Ethnographic Survey of Southeastern Liberia
Title | Ethnographic Survey of Southeastern Liberia PDF eBook |
Author | William Siegmann |
Publisher | |
Pages | 104 |
Release | 1969 |
Genre | Bassa (African people) (Liberia) |
ISBN |
Ethnographic Survey of Southeastern Liberia
Title | Ethnographic Survey of Southeastern Liberia PDF eBook |
Author | Günter Schröder |
Publisher | |
Pages | 190 |
Release | 1974 |
Genre | Social Science |
ISBN |
Liberia
Title | Liberia PDF eBook |
Author | Mary H. Moran |
Publisher | University of Pennsylvania Press |
Pages | 202 |
Release | 2013-03-01 |
Genre | Social Science |
ISBN | 0812202848 |
Liberia, a small West African country that has been wracked by violence and civil war since 1989, seems a paradoxical place in which to examine questions of democracy and popular participation. Yet Liberia is also the oldest republic in Africa, having become independent in 1847 after colonization by an American philanthropic organization as a refuge for "Free People of Color" from the United States. Many analysts have attributed the violent upheaval and state collapse Liberia experienced in the 1980s and 1990s to a lack of democratic institutions and long-standing patterns of autocracy, secrecy, and lack of transparency.
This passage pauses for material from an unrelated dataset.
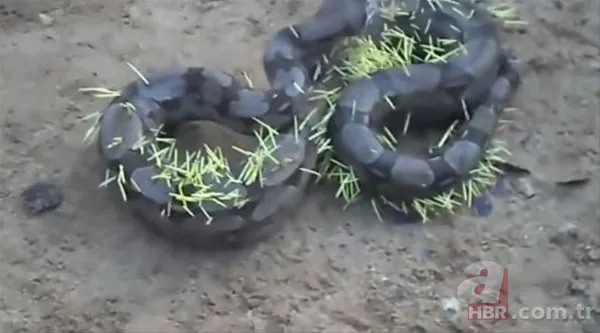 Onları görenler şaştı kaldı! 6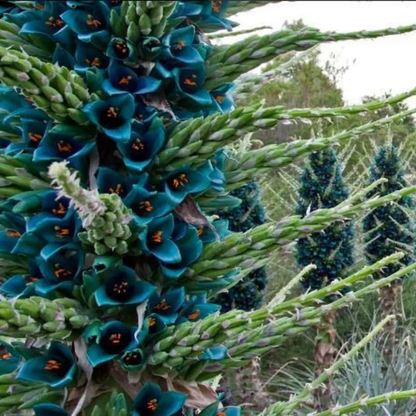Teal flowers with green stems against a natural background - HarvestNest Seeds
Liberia: The Violence of Democracy is a response, from an anthropological perspective, to the literature on neopatrimonialism in Africa. Mary H. Moran argues that democracy is not a foreign import into Africa but that essential aspects of what we in the West consider democratic values are part of the indigenous African traditions of legitimacy and political process. In the case of Liberia, these democratic traditions include institutionalized checks and balances operating at the local level that allow for the voices of structural subordinates (women and younger men) to be heard and be effective in making claims. Moran maintains that the violence and state collapse that have beset Liberia and the surrounding region in the past two decades cannot be attributed to ancient tribal hatreds or neopatrimonial leaders who are simply a modern version of traditional chiefs. Rather, democracy and violence are intersecting themes in Liberian history that have manifested themselves in numerous contexts over the years. Moran challenges many assumptions about Africa as a continent and speaks in an impassioned voice about the meanings of democracy and violence within Liberia.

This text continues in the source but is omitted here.